(Available data begins)

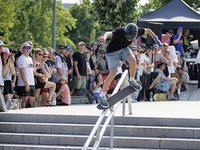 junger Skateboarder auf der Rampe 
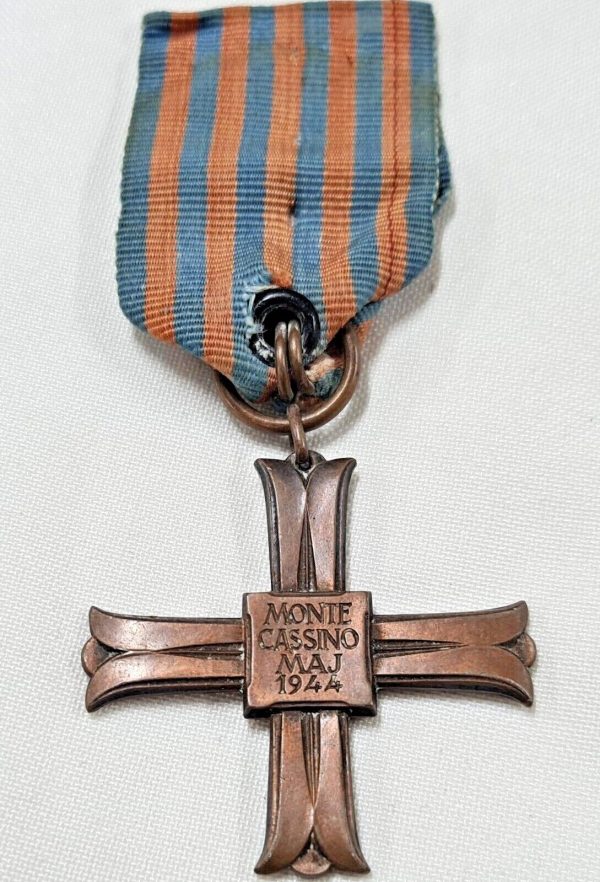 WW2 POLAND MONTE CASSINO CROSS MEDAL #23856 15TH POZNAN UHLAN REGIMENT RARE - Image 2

(Available data ends)
(Available data begins)

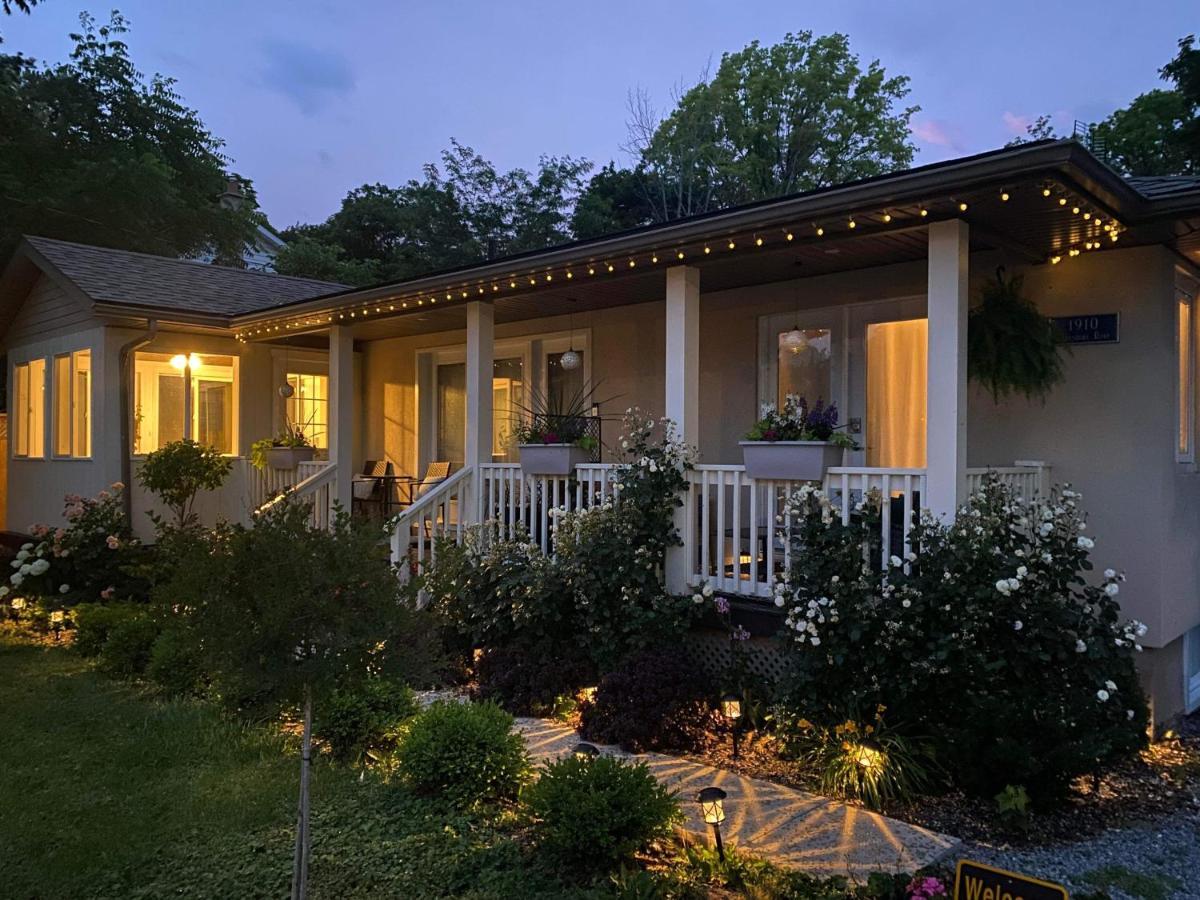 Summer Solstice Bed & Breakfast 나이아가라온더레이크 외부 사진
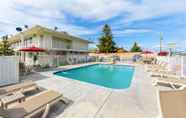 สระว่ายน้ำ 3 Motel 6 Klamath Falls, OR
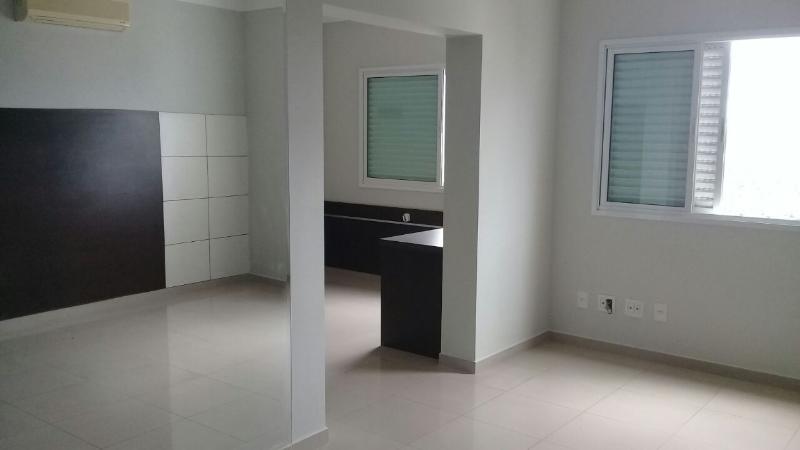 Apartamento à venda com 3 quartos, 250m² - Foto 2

(Available data ends)

_Exercise requirements_.
In the entries above, find the line with "Summer Solstice Bed" and the line with "Apartamento à venda". Write out exactly those two lines and every line between them, pictures excluded.

_Result of this exercise_.
 Summer Solstice Bed & Breakfast 나이아가라온더레이크 외부 사진
 สระว่ายน้ำ 3 Motel 6 Klamath Falls, OR
 Apartamento à venda com 3 quartos, 250m² - Foto 2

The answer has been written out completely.